• **Aim of the exercise**:
Beneath this instruction is a listing; print exactly the lines in it starting at the line that contains "1212 N Main St, Monticello, AR 71655" and going through the line that contains "Video's van Alex".
────────
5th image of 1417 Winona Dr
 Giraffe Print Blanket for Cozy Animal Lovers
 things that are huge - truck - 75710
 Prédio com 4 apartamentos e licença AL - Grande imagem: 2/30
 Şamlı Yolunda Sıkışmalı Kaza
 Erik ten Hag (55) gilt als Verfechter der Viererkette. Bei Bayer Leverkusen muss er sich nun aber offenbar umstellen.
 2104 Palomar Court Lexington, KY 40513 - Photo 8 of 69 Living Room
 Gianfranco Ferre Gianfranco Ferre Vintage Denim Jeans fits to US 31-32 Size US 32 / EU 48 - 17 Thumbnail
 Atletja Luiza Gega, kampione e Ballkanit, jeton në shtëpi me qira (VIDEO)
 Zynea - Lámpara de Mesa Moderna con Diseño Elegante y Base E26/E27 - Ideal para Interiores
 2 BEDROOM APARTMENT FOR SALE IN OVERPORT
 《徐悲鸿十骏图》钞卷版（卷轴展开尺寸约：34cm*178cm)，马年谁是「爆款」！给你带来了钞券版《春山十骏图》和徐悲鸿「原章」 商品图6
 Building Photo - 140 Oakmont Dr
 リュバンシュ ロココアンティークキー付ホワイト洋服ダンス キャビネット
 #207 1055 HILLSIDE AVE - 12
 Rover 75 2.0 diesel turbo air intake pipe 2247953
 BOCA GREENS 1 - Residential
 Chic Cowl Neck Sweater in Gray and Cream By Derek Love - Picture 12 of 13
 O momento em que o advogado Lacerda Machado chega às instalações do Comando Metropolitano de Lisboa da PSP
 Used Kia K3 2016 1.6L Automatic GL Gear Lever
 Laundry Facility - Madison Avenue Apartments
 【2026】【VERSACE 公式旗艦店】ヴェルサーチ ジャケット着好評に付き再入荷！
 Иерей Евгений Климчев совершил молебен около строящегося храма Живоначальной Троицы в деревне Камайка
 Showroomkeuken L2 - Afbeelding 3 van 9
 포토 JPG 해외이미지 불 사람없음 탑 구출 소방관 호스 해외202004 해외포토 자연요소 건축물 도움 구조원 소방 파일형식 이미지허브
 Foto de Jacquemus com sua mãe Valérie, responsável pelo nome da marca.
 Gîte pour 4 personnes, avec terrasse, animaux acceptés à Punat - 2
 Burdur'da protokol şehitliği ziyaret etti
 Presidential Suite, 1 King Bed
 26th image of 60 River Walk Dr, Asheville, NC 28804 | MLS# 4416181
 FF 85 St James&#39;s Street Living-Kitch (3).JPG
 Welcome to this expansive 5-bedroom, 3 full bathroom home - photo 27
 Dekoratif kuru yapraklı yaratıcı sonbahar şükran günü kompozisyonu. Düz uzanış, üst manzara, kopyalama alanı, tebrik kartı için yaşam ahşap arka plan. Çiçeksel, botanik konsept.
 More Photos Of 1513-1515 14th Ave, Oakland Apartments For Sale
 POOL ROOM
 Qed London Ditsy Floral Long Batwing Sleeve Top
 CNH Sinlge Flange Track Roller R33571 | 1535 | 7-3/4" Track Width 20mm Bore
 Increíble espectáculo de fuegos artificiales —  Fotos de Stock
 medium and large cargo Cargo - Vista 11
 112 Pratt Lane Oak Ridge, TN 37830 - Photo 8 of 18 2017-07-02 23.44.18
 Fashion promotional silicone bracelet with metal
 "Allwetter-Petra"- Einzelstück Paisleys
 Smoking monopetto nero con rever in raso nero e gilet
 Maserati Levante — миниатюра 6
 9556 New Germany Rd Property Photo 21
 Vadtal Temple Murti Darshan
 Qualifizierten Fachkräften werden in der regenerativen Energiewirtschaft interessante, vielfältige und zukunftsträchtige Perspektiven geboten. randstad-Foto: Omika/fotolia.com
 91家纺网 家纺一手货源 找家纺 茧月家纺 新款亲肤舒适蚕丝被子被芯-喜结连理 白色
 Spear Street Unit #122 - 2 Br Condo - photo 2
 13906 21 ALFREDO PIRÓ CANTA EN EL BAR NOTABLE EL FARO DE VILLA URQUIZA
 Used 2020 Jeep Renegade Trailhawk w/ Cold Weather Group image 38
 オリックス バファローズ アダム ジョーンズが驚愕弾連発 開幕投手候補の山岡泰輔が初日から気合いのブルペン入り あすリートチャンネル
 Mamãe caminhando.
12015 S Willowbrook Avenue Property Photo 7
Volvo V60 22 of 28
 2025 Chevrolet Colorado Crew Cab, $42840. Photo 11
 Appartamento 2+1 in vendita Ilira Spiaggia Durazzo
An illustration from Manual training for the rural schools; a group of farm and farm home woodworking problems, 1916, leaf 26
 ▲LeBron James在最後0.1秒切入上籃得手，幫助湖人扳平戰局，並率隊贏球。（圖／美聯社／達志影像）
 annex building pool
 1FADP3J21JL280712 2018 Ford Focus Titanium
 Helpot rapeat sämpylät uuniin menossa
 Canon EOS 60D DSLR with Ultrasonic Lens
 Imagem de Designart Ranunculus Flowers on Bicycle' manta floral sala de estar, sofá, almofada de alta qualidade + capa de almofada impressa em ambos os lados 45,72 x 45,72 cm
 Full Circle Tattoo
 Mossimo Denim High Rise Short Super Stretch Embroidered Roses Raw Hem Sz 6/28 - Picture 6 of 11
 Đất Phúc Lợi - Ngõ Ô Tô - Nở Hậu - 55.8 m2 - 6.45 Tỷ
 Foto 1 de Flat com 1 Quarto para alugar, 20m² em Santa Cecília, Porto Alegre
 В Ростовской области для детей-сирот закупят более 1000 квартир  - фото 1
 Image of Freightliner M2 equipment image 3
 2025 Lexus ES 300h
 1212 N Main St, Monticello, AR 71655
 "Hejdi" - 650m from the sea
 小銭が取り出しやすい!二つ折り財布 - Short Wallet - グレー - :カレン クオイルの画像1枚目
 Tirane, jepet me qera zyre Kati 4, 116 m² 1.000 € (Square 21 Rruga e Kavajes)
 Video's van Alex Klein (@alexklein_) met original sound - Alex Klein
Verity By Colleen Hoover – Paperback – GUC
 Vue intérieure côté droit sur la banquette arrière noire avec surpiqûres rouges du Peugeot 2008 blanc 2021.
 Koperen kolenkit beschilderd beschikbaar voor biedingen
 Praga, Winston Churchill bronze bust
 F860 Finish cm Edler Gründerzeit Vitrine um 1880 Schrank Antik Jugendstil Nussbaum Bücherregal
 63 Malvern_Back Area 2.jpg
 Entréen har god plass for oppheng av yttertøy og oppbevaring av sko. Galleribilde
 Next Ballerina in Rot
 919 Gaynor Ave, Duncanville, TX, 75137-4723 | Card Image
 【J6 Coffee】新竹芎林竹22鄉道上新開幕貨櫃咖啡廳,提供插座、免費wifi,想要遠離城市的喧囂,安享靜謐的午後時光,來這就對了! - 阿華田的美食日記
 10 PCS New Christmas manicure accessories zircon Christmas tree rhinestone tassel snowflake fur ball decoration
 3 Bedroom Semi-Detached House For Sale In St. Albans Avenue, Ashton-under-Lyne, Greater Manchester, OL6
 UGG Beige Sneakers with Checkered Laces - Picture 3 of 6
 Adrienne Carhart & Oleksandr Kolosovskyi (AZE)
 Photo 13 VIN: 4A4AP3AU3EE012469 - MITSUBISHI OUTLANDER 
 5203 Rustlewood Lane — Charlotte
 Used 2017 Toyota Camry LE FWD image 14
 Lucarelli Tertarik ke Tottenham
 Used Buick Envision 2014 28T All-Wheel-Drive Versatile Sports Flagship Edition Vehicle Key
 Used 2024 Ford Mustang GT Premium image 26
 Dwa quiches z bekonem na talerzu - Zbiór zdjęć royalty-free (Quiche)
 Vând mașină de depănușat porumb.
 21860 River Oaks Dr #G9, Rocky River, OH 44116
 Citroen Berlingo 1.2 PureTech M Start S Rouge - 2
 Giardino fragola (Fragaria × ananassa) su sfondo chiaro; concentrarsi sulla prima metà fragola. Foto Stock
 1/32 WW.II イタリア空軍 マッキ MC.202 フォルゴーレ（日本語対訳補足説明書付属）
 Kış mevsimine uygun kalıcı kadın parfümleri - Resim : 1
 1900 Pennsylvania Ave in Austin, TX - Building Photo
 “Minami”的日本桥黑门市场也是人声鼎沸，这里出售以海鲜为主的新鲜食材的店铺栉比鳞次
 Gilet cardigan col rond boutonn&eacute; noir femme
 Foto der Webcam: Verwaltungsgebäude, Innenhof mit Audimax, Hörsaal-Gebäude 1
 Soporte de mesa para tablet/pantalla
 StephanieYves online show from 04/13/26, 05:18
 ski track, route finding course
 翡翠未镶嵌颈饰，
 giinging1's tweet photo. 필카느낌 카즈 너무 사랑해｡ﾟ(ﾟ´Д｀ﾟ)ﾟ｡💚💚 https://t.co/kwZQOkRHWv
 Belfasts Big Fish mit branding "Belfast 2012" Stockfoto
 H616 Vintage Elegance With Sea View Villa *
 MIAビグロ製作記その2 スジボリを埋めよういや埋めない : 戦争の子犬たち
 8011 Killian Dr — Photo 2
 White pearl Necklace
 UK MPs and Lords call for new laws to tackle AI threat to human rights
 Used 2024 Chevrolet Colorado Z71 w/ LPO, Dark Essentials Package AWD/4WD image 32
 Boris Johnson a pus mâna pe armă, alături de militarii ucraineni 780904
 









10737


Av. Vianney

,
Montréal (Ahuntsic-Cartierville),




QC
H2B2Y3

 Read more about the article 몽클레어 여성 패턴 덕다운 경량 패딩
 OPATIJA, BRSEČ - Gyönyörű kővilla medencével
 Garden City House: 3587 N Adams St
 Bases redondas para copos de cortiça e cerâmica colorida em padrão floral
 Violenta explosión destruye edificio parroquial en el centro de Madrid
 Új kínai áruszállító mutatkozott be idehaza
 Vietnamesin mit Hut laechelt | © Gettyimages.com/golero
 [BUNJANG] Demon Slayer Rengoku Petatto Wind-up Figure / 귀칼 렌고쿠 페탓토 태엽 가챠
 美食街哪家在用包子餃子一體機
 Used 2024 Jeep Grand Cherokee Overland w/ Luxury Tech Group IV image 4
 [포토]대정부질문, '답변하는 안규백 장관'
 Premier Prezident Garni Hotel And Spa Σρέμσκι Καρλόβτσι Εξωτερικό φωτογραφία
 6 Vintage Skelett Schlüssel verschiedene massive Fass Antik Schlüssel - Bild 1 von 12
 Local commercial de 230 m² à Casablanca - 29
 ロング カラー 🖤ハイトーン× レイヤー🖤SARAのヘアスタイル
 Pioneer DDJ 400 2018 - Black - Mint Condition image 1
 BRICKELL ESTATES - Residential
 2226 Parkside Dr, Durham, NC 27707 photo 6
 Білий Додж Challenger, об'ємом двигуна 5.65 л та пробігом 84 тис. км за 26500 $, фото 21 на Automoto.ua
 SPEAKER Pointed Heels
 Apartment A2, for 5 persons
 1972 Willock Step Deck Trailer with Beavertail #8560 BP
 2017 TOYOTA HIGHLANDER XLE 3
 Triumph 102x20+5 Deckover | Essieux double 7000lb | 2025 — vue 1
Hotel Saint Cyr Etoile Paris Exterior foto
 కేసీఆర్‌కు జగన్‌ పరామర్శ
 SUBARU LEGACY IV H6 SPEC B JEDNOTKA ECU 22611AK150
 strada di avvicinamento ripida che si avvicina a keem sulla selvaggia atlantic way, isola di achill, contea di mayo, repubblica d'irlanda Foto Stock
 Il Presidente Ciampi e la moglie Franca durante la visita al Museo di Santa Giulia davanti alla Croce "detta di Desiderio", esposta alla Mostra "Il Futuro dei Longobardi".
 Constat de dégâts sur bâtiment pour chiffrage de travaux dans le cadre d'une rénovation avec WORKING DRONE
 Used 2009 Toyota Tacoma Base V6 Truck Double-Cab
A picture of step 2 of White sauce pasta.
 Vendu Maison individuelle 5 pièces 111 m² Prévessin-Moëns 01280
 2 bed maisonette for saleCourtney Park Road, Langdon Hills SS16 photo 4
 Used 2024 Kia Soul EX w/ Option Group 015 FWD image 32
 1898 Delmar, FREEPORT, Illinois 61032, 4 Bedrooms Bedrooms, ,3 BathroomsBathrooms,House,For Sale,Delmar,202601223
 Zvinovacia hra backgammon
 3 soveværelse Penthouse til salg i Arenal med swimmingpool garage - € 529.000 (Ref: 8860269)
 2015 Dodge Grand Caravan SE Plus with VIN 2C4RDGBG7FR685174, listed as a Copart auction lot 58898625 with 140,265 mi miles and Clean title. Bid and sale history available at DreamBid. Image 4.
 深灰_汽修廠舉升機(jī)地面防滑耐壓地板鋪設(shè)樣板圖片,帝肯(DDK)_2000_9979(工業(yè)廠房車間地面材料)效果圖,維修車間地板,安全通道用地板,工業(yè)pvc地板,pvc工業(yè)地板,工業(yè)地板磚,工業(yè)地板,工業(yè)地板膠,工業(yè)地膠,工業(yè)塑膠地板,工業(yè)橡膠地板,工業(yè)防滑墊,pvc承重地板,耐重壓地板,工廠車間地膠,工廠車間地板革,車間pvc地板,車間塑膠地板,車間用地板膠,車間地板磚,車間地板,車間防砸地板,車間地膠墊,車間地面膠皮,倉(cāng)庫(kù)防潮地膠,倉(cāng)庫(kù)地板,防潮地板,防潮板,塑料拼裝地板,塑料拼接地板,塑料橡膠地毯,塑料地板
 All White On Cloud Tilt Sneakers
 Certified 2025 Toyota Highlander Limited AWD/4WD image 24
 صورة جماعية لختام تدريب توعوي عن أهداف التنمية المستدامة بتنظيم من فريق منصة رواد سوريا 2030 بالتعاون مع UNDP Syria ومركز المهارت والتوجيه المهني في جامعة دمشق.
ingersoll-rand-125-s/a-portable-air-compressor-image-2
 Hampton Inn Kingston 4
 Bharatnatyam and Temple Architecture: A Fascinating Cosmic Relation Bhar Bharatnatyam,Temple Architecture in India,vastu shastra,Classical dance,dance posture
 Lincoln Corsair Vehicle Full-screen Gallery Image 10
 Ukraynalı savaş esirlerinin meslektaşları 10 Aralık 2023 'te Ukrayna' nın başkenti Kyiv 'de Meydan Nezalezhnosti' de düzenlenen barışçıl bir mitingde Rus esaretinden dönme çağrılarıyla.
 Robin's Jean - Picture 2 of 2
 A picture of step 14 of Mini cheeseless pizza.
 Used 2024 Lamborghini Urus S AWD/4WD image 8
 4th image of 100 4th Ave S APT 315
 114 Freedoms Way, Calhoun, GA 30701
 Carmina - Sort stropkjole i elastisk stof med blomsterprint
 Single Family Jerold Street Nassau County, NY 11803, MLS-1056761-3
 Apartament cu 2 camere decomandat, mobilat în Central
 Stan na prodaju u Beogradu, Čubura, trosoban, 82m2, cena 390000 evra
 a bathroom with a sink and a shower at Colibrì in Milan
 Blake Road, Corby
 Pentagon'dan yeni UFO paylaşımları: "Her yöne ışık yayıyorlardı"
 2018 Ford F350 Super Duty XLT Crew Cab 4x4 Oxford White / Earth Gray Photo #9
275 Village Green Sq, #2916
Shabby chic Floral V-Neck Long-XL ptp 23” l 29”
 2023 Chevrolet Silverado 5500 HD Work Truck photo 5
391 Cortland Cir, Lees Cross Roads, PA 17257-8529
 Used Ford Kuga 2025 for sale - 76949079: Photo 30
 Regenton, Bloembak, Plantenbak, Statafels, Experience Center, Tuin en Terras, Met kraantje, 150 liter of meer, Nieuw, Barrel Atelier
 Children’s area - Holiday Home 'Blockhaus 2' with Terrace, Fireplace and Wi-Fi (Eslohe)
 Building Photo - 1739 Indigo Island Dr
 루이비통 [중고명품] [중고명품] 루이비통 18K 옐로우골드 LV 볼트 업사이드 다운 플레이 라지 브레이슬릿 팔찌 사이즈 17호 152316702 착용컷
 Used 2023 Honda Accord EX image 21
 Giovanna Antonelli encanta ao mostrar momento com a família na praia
────────
• **Output of the exercise**:
 1212 N Main St, Monticello, AR 71655
 "Hejdi" - 650m from the sea
 小銭が取り出しやすい!二つ折り財布 - Short Wallet - グレー - :カレン クオイルの画像1枚目
 Tirane, jepet me qera zyre Kati 4, 116 m² 1.000 € (Square 21 Rruga e Kavajes)
 Video's van Alex Klein (@alexklein_) met original sound - Alex Klein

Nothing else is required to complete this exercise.